** Opening Exercise data block **

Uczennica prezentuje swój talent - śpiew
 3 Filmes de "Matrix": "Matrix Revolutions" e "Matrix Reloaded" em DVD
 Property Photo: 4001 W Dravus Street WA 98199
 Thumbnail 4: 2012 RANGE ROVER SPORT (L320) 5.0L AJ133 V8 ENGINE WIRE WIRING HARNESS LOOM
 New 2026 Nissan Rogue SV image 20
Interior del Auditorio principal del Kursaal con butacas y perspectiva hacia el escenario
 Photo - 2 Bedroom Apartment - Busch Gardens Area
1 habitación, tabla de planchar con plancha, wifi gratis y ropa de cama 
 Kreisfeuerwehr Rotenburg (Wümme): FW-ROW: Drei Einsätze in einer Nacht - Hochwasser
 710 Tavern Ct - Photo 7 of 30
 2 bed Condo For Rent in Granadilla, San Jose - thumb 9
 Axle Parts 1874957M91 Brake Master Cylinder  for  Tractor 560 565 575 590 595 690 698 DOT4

** Closing Exercise data block **

- [Problem description]
Find how many lines in the material hold the word "Photo" and state that number alone.

- [Output]
3